Il adressa cette question d’un ton décisif, comme s’il devinait que la réponse serait la pierre angulaire de l’édifice qu’il explorait.

« Je vous ai déjà dit, docteur Mosgrave, que je ne le savais pas.

— Oui, répondit le docteur, mais votre figure m’a révélé que vous le soupçonniez. »

Robert Audley garda le silence.

« Si vous voulez que je vous serve, ayez confiance en moi, monsieur Audley. Le premier mari a disparu : quand et comment ? Il faut que je sache l’histoire de cette disparition. »

Robert réfléchit quelques instants avant de répondre, mais peu à peu il releva sa tête, qui s’était courbée sous le travail de sa pensée, et il dit au médecin :

« J’aurai confiance en votre honneur et en votre bonté, docteur Mosgrave. Je ne vous demanderai pas de faire tort à la société, mais seulement de sauver un nom de la honte et de la dégradation, si vous le pouvez, en conscience. »

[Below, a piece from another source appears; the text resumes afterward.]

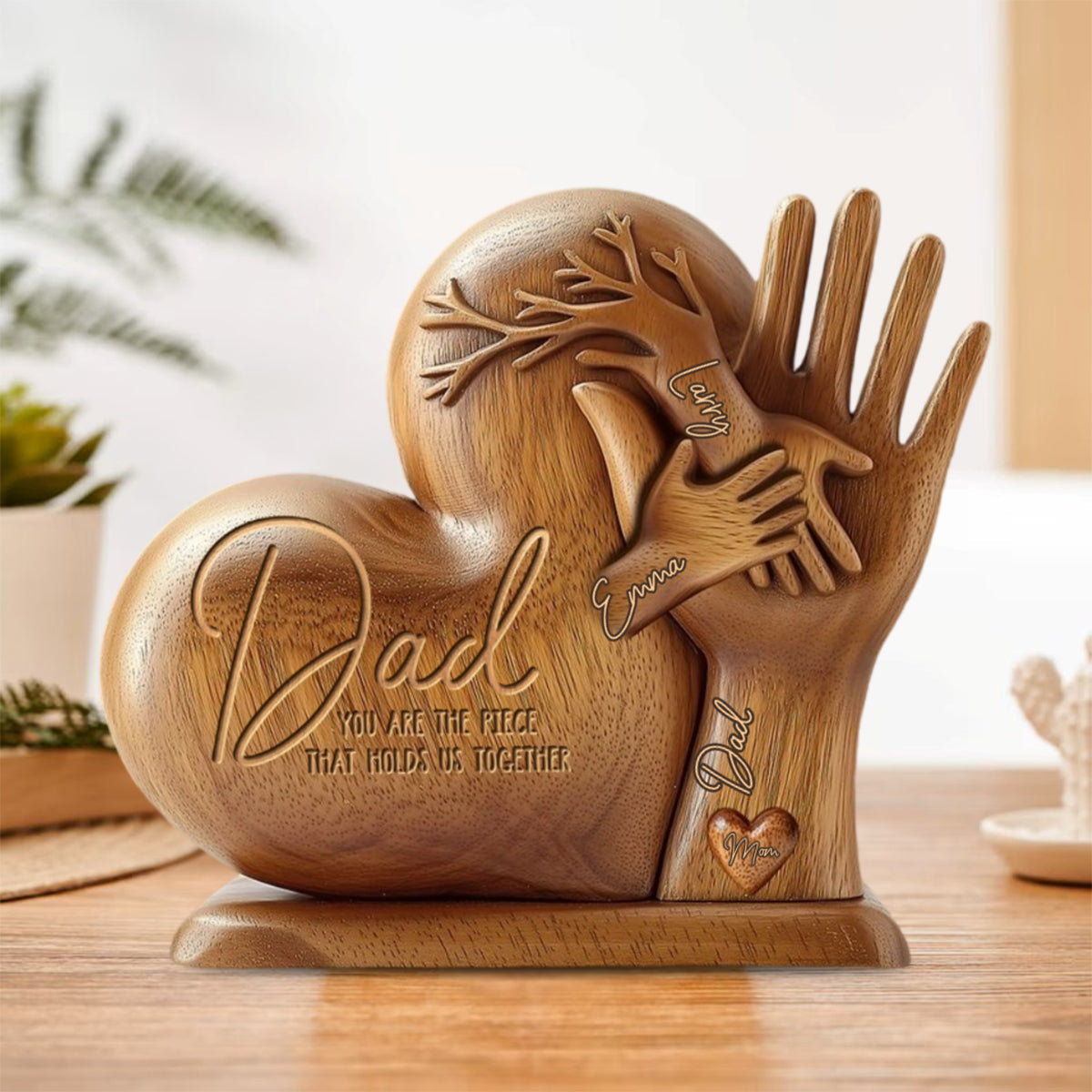 Dad You Are The Piece That Holds Us Together - Personalized Father Heart Shaped Acrylic Plaque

Il raconta l’histoire de la disparition de George et de ses doutes à lui, Dieu sait avec quelle répugnance.

Le docteur Mosgrave l’écouta aussi tranquillement qu’auparavant. Robert termina en faisant un appel à tous les bons sentiments du médecin. Il le supplia d’épargner le généreux vieillard qui avait fait le malheur de sa vieillesse, en ayant tant de confiance en sa femme.